Disneyland won’t be the biggest attraction in town, in Anaheim, on February 17 to 20. Nope. It’ll be the thirtieth annual conference of the Association of Energy Services Professionals over at the Anaheim Marriott. A thousand or so from our industry — our industry’s top experts in energy efficiency — will be gathered there to celebrate what increased end-use efficiency has accomplished in the last three decades and to plan the next strides of the next decades.
Why don’t you drop by? Not to see Mickey M. But to see where energy efficiency is headed. At aesp.org, that’s where you can find the details on the annual conference. I went over to that corner of the Internet and in the conference’s agenda found — quite efficiently — the sessions that most fascinated me.
A series of sessions are on electrification. Since we’re working on a special issue of Public Utilities Fortnightly on electrification — and on the upcoming Electrification 2020 giga-conference this April — I was naturally interested in those sessions.
One of the workshops at the AESP annual conference is going to be on critical regulatory issues concerning electrification. Like, how to deal with cost-effectiveness. And, how to measure benefits. And, whether (and how) utilities will be financially compensated for their programs. Bill LeBlanc, the chief instigation agent at E Source, is leading that workshop. Ok, that’s a cool job title.

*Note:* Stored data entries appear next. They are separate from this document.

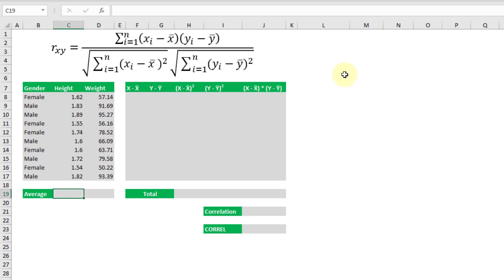Hey everybody, it's John here and in this video we're going to take a look at three ways that we can calculate the Pearson's correlation coefficient in Excel.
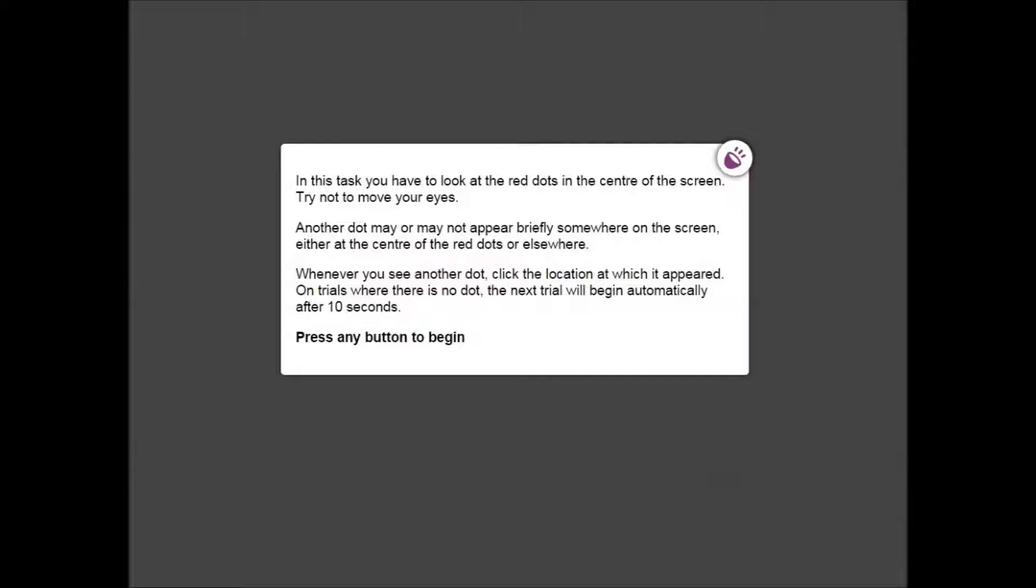On trials where no dot appears, the next trial will begin automatically after 10 seconds. Click or tap anywhere on the screen to start the trials.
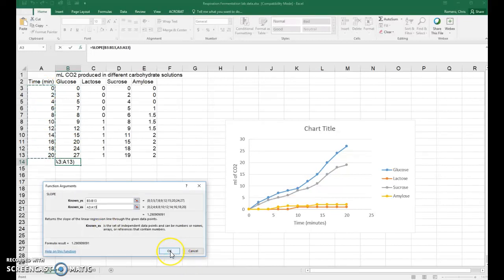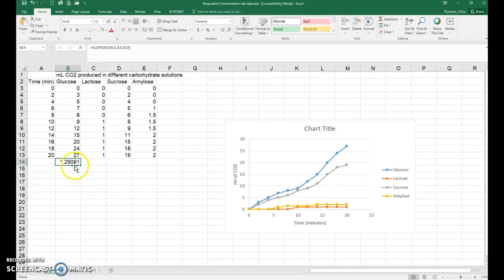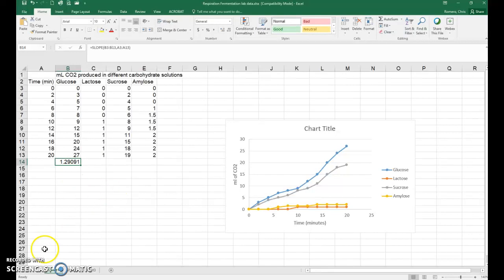And then we'll just click on OK, and there's your rate. Now remember, the units of your rate are milliliters of carbon dioxide per minute. That's how you calculate the rate for the cellular respiration lab.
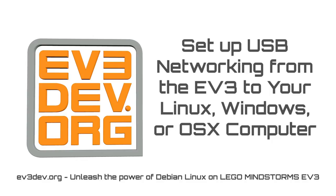Hello, it's Ralph Hempel from ev3dev.org. In this video, I'm going to show you how to set up USB networking between your EV3 brick and your Linux, Windows, or OSX computer.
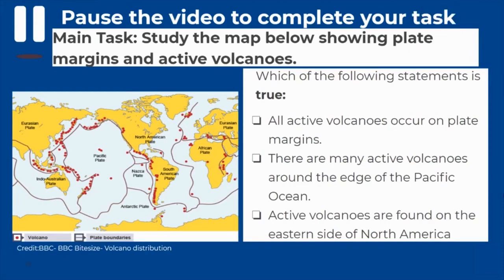The main task for today's session is to study the map and extract information about active volcanoes. Decide which of the following statements is true: all active volcanoes occur on plate margins; there are many active volcanoes around the edge of the Pacific Ocean; active volcanoes are found on the eastern side of North America. Pause the video, look really carefully at the map, and decide which one of those statements you believe to be true.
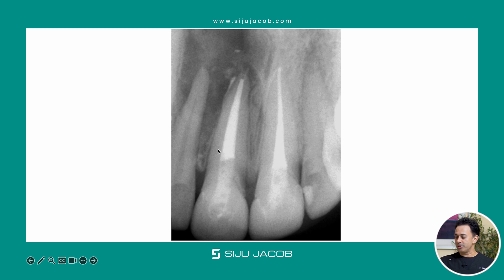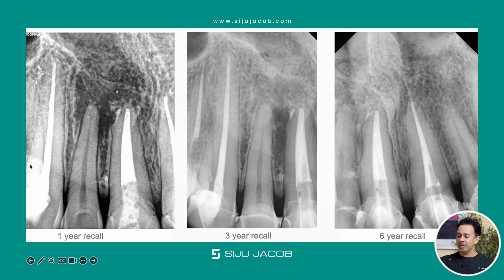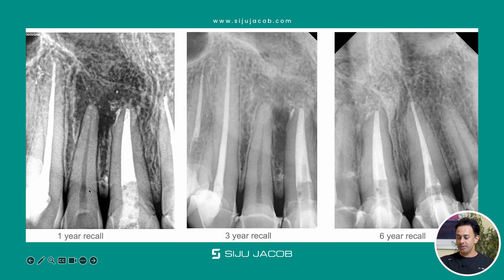You can see the post-obturation result here. We recalled this patient at one year, three years, and six years — and it works beautifully. This particular adjacent tooth maintained its vitality; we didn't have to do endo on it at all.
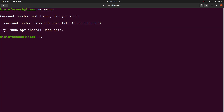Hi everyone, welcome to the Bioinformatics School channel. In today's tutorial, I'm going to show you how to deal with this error message that comes up: 'command not found'. This can come up if you are performing some tasks on a Linux system. This is a typical example — I'm trying to execute a command and I'm told the command is not found.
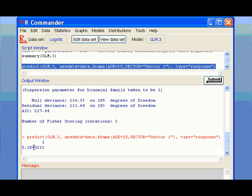So if I highlight this predict function and click submit, it will compute the probability of getting disease. This tells us the probability of subjects age 25 living in sector 1 to have disease is 0.1840213.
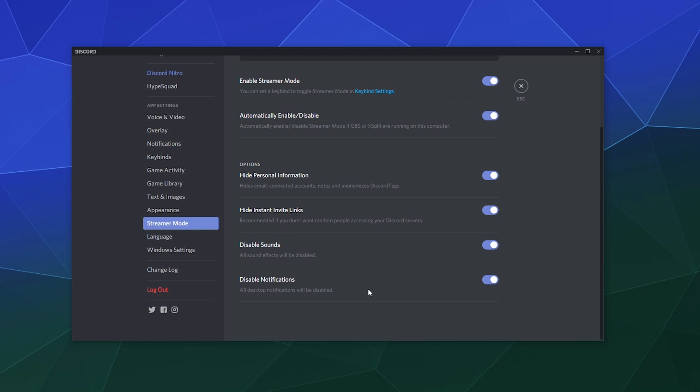It also allows you to disable certain sounds from being played while you have your OBS running, so you don't have a lot of really annoying ping noises ruining your broadcast.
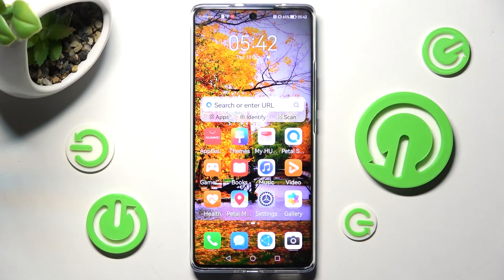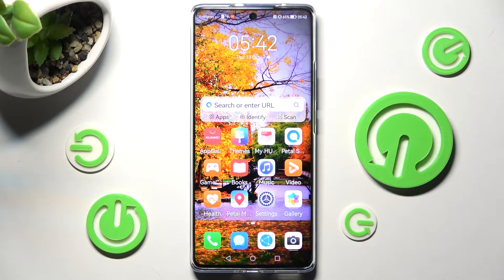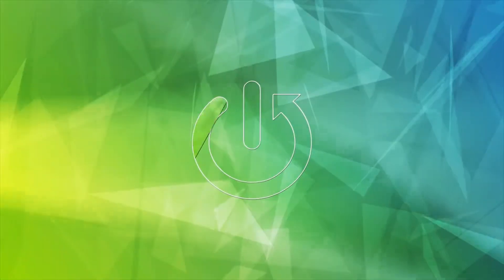Hi, in front of me is Huawei Nova 10 and today I would like to show you how you can change Display Refresh Rate on this device.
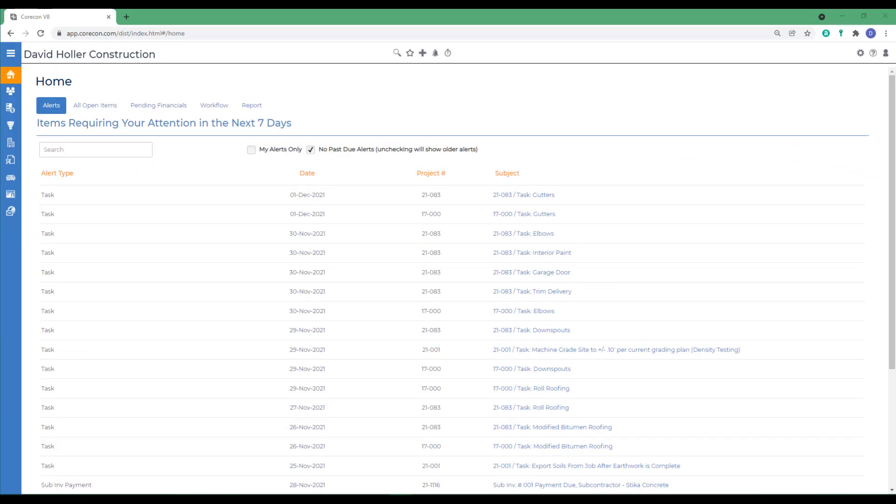This CoreCon training video series covers a module in CoreCon called Contact Management. One of the first things that you'll do when implementing CoreCon is to enter companies that are involved in projects.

Then there will be a session on the “road to electrification,” with panelists such as Katie Sloan of Southern California Edison and David Jacot of Los Angeles Department of Water & Power. Katie’s the director of eMobility & building electrification at SCE and David’s the director of efficiency solutions at LADWP.
There will be sessions on heat pumps, electric vehicle adoption, how to sell electrification – the speaker being Jason Snyder of Tennessee Valley Authority, a regular in the pages of PUF — and electric vehicle charging, among so many others on electrification.
So you can come up to speed in Anaheim on electrification, in mid-February, at the AESP annual conference, and then really push the pedal to the metal in Charlotte, in mid-April, at Electrification 2020. In an electric car of course.